Unable to write an array of compound types with `std::string`
Describe the bug
I have a compound that includes std::string. Then I create an array (std::vector<CompoundTypeWithString>) and try to write. Then HDF5 gets segmentation fault:
Program received signal SIGSEGV, Segmentation fault.
0x00005555558bd344 in H5T__vlen_mem_str_getlen (file=<optimized out>, _vl=0x7ffff78e6038, len=0x7fffffffcf28) at .../HDF5/src/H5Tvlen.c:617
617 *len = HDstrlen(s);
To Reproduce Here is the example code to reproduce the problem (if you remove the second element from the array then there is no problem to run the executable):
#include <highfive/H5File.hpp>
#include <highfive/H5DataSet.hpp>
#include <highfive/H5DataSpace.hpp>
#include <highfive/H5DataType.hpp>
using namespace HighFive;
typedef struct {
double x;
double y;
double z;
std::string name;
} CT;
CompoundType create_compound_CT() {
CompoundType t(
{
{"x", AtomicType<double>{}},
{"y", AtomicType<double>{}},
{"z", AtomicType<double>{}},
{"name", AtomicType<std::string>{}}
});
return t;
}
HIGHFIVE_REGISTER_TYPE(CT, create_compound_CT)
int main(int, char**) {
File file("compound.h5", File::ReadWrite | File::Create | File::Truncate);
CompoundType t = create_compound_CT();
t.commit(file, "CT");
std::vector<CT> data = {
{1, 1, 1, "one"},
{2, 2, 2, "two"} // if you leave only one element in array then the run process will end up successively
};
auto dataset = file.createDataSet("data", DataSpace::From(data), t);
dataset.write(data); // there I get seg fault
return 0;
}
Expected behavior
I expect that embedding and writing std::string is possible when using it within compound type.
Desktop (please complete the following information):
- OS: ubuntu 20.04
- Version: master branch
- HDF5: 1.12
May be @ferdonline might remember about the string type and compound data type compatibility issues?
@pramodk thank you for response,
I think I somehow found a way to partially overcome this.
The idea is to keep const char * pointing to the std::string member variable and when IO using HDF5 we explicitely specify ofssets using HOFFSET to the const char *.
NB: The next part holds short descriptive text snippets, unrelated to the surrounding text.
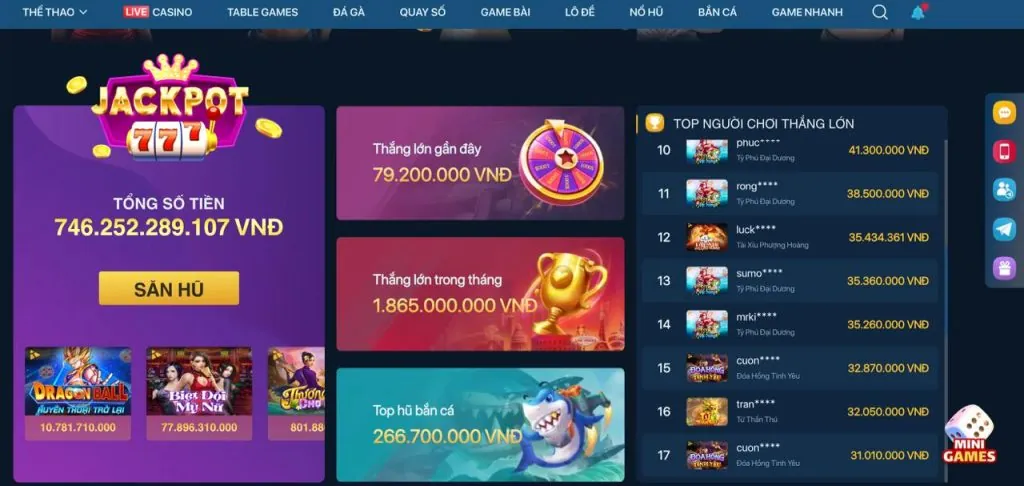 Thưởng nạp lại mcw7733 khuyến mãi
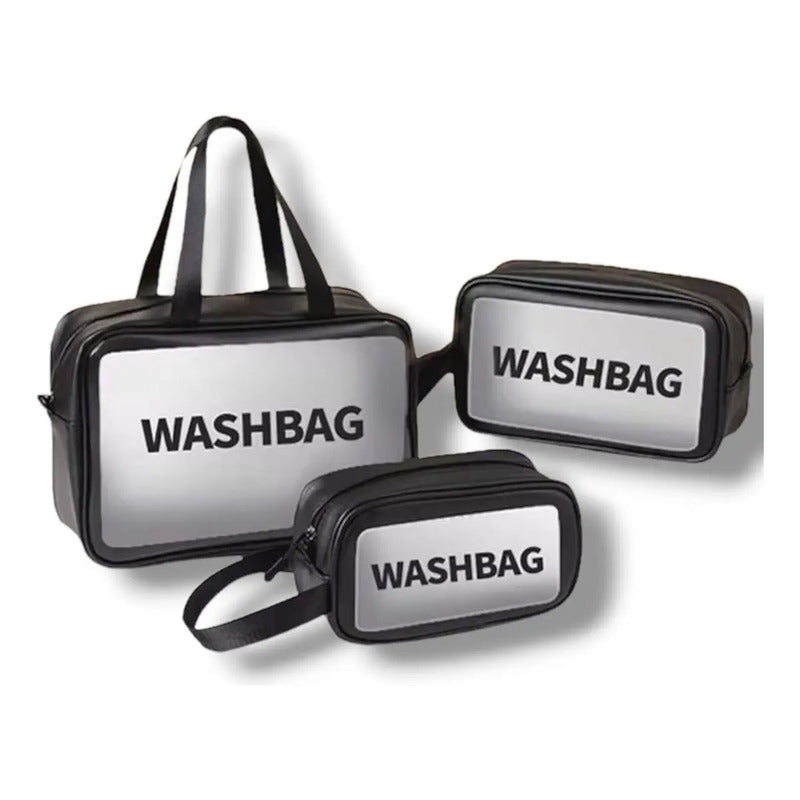 Set 3 Neceser Washbag Portacosmeticos Maquillaje Viaje Negro Liso
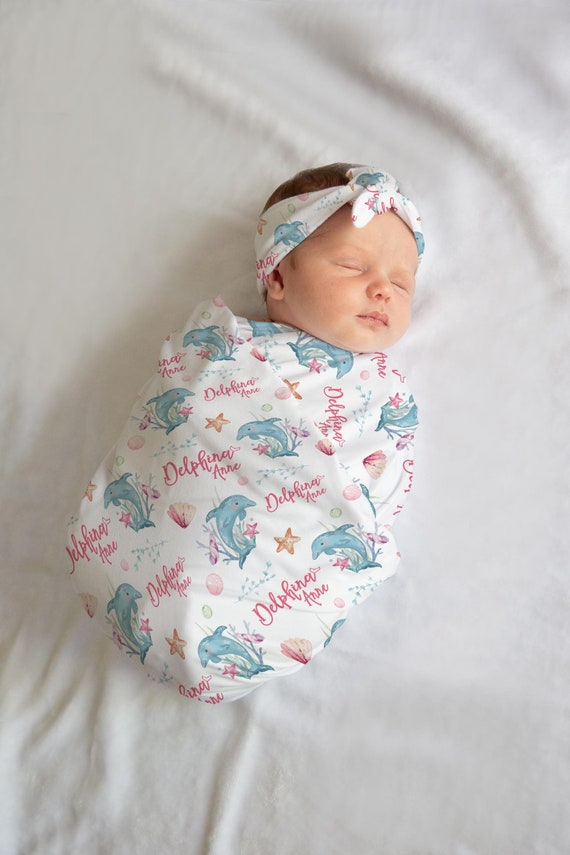 Dolphin Swaddle Blanket Sea Life Personalized Baby Blanket Baby Blanket Personalized Baby Blanket Baby Gift Ocean Theme Swaddle Set O23 Etsy Australia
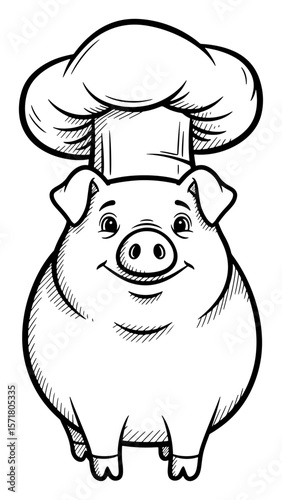 Chef Pig Cartoon in Black and White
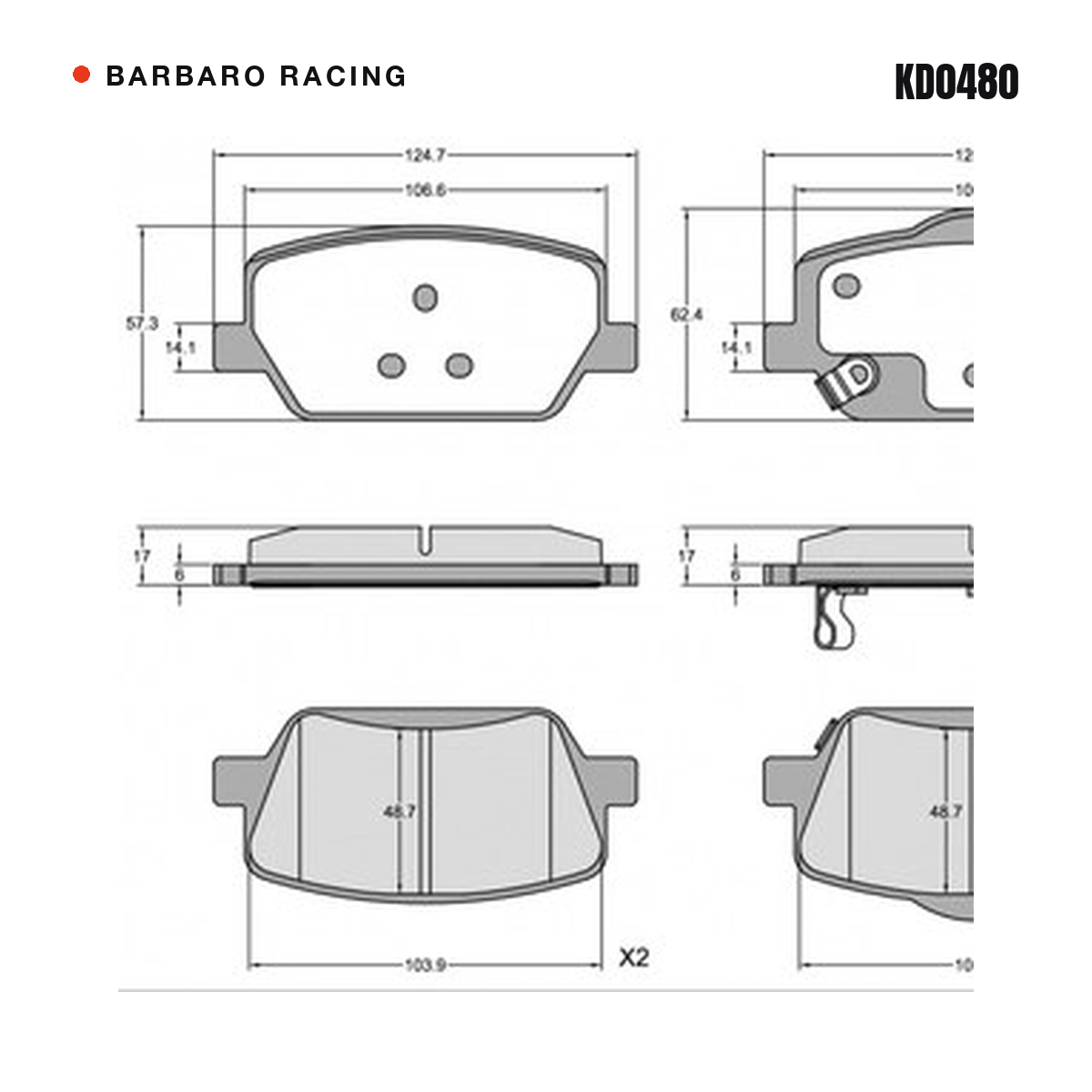 Barbaro Racing KD0480 brake pad shape drawing - 124.7 x 62.4 x 17 mm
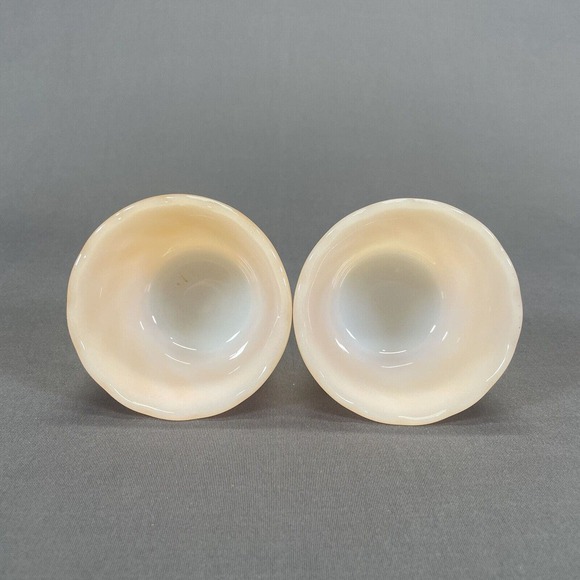 Anchor Hocking Peach Lustre Shell Custard Dessert Cups Dishes Set of 2 Vintage - Picture 5 of 6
The problem arises when after reading the data we need to free allocated variable lengh string memory using HDF5 H5Treclaim() command. I have to do that manually while the HighFive uses this command within data_converter() when we read in std::string and std::vector<std::string>. Thus HighFive prevents us from memory leaks when reading to std::string.
I guess it is possible to add data_converter that works with compound types like Compound and std::vector<Compound> and checks whether the compound has variable length string members (using C HDF5 API) and correctly calculates offsets for them. But that would require some work (especially calculating offsets and copying strings from a temporary to the input variable), it is not so easy (or probably impossible).
typedef struct Point{
Point() {};
Point(const double& x,
const double& y,
const double& z)
{
this->p[0] = x;
this->p[1] = y;
this->p[2] = z;;
}
void setX(const double& x) { p[0] = x; }
void setY(const double& y) { p[1] = y; }
void setZ(const double& z) { p[2] = z; }
double& x() { return p[0]; }
double& y() { return p[1]; }
double& z() { return p[2]; }
void setName(const std::string& name) {
this->name = name;
this->cname = this->name.c_str();
}
std::string getName() {
if (this->cname == nullptr)
return std::string();
return std::string(this->cname);
}
double p[3];
private:
std::string name;
const char *cname = name.c_str();
friend h5gt::CompoundType compound_Point();
} Point;
inline CompoundType compound_Point() {
CompoundType t(
{
{"x", AtomicType<double>{}, HOFFSET(Point, p[0])},
{"y", AtomicType<double>{}, HOFFSET(Point, p[1])},
{"z", AtomicType<double>{}, HOFFSET(Point, p[2])},
{"name", AtomicType<std::string>{}, HOFFSET(Point, cname)},
}, sizeof(Point));
return t;
}
As you can see when you setName() you copy string to the string member variable and set const char * to it.
Read/write operations involve const char * var.